As a sole practitioner, I don’t have the luxury of an accounting department, nor an accounts receivable or an accounts payable or any of these support people. So, I have found a number of excellent web and mobile-based solutions that have saved my life. For Invoicing, I use Freshbooks. Freshbooks is an excellent, subscription-based accounting platform that generates, distributes and tracks all of my client invoices. It is intuitive, reliable and professional and has served me well over the last few years. It works in the Cloud and is accessible from PC or mobile and has some nice features that I haven’t even taken advantage of yet, like expense tracking.
I like that I can very quickly and easily create and send out an invoice to a new or existing client, track the payment of the invoice and then also use the Freshbooks interface to get a sense of my overall billing and revenue for the month, quarter, year, etc. The invoicing templates are very professional and can be customized with your logo and brand assets if desired.
Whenever I speak to fellow sales people (independent or corporate), filling out and submitting expense reports seems to be universally akin to getting a prostate exam. I am sure that I am not alone in admitting there are hundreds (thousands?) of lost dollars that I literally let go of simply because I did not want to deal with the hell of expense sheet creation. Then I started using Expensify. Touted as “Expense reports that don’t suck!”, Expensify is a great web-based platform that allows you to easily capture and record my expenses in real-time and categorize them by trip, account, client, etc., and export into a spreadsheet for distribution and approval. Like any of these tools, Expensify requires some behavior change- but one that is sensible and easy to adopt. You simply need to take a picture of your sales receipt via the mobile app – and allow the software to scan the contents. Later, when you log into Expensify via your computer, the scanned receipts are there waiting for some minor editing and tweaking. They then can be saved into specific expense reports based on your desired parameters. Once these expense reports are created, they can be exported into CSV, Excel or PDF formats to send to your respective finance person. Another cool thing is how Expensify has tailored its formats to comply with commonly used corporate accounting systems. In instances where there is no compatibility, I use another hack to fix this. (Ok, I’ll tell you. I used TaskRabbit to find a cheap excel guru to build a compatible scripted expense sheet that I loaded into Expensify’s custom export file folder. This sheet was compliant with my current client’s expense format and allowed me to auto-create an approved expense report. Wa la! ).
Notes, Reminders, To-Dos, Follow ups:
There are so many new “to-do” platforms on the market now its become overwhelming. Nifty tools like Wunderlist, Any.do, HabitRPG, Google Keep are just a few (and frankly ALL of them are quite good) so its really a matter of playing with a few and picking one that works for you. I happen to like Evernote.

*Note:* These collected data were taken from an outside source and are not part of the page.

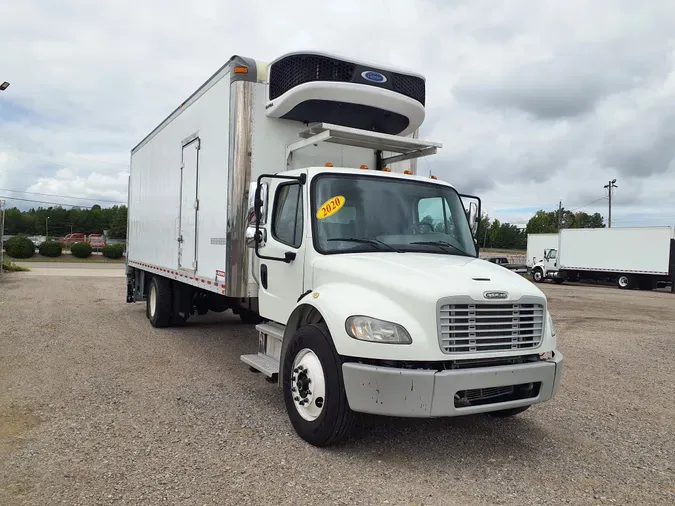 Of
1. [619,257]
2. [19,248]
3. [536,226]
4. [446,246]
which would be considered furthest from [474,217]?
[536,226]

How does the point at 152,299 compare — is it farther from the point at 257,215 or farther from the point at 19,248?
the point at 19,248

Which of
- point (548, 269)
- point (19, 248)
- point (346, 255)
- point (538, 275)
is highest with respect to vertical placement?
point (346, 255)

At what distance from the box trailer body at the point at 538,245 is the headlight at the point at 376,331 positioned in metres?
35.4

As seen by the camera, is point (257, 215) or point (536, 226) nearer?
point (257, 215)

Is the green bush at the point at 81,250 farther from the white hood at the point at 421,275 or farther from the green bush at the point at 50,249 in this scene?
the white hood at the point at 421,275

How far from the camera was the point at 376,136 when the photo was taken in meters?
5.77

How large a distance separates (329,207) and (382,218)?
20.5 inches

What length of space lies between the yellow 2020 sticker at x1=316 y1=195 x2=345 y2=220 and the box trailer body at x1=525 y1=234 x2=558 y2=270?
114 feet

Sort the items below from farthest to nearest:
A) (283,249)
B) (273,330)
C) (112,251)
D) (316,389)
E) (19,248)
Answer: (112,251) < (19,248) < (273,330) < (283,249) < (316,389)

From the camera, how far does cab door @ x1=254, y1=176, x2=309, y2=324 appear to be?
5.08m

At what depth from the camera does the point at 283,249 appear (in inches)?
208

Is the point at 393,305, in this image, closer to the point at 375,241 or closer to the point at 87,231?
the point at 375,241

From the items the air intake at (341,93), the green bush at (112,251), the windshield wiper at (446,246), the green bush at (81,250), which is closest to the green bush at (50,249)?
the green bush at (81,250)

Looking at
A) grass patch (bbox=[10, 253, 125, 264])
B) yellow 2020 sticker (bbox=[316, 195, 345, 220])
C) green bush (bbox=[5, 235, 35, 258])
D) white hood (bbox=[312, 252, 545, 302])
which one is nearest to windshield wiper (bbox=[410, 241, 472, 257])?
white hood (bbox=[312, 252, 545, 302]) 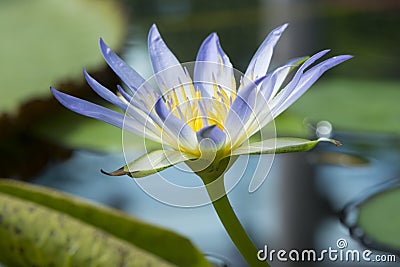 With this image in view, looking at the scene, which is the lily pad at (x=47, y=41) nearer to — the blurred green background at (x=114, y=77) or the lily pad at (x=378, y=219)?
the blurred green background at (x=114, y=77)

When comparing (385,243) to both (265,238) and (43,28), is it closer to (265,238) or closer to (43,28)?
(265,238)

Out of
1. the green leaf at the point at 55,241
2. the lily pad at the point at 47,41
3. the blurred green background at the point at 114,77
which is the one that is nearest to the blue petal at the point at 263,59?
the green leaf at the point at 55,241

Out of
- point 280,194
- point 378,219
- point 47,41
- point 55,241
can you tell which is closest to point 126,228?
point 55,241

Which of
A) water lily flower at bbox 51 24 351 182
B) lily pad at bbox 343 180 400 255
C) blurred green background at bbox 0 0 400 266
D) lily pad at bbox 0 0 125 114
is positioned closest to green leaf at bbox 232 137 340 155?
water lily flower at bbox 51 24 351 182

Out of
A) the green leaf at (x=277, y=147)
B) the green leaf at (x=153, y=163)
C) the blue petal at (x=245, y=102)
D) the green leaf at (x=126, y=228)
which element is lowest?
the green leaf at (x=126, y=228)

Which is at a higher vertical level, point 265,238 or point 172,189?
point 172,189

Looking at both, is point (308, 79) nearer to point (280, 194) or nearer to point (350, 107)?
point (280, 194)

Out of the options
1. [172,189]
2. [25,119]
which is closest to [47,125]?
[25,119]

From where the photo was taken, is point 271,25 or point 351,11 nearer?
point 271,25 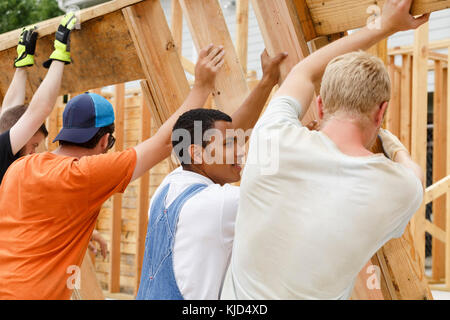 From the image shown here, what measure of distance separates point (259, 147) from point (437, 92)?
6.40 metres

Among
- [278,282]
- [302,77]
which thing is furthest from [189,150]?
[278,282]

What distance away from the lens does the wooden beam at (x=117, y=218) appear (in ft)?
22.6

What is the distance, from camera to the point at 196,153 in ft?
6.48

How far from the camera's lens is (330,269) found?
1.46 metres

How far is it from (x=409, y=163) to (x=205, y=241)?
0.66 meters

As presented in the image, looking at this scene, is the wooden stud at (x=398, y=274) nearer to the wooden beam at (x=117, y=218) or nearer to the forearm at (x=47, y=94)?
the forearm at (x=47, y=94)

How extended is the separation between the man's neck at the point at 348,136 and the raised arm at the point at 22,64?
7.15 ft

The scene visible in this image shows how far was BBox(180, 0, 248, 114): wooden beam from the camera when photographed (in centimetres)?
255

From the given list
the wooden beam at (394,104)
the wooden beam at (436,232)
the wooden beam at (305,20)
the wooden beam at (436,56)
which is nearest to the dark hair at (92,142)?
the wooden beam at (305,20)

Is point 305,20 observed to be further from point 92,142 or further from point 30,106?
point 30,106

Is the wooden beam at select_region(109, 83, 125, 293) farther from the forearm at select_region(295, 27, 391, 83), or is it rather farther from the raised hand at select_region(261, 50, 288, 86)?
the forearm at select_region(295, 27, 391, 83)

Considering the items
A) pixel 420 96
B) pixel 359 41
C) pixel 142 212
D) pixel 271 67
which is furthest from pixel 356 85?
pixel 142 212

I use it for a few reasons. Evernote is like a cloud-based message board that you can use for any type of “note” whether it be meeting notes, photo-snippets from the web (cool new glasses you want to buy, or a picture of a restaurant you want to remember, etc.), video clips, files and webpages. Among the features I like is its seamless integration across all devices. Also, Evernote as a company offers a great deal of neat productivity add-ons that connect and work with Evernote’s main suite. Over time my use of Evernote has made it easy for me to just keep building on its extensions. Evernote auto-syncs in real time so whatever I have posted there, I can access anywhere. It also offers cool tools like ‘Hello’, a mobile business card reader that is quite reliable which not only dumps the contact data into your iPhone contact library but also keeps a record of the card and the contact in your Evernote cloud profile. Evernote has created its own online marketplace where they offer a host of vertically relevant products (hardware, gear, software, tech) that fits into their brand promise of greater productivity and efficiency.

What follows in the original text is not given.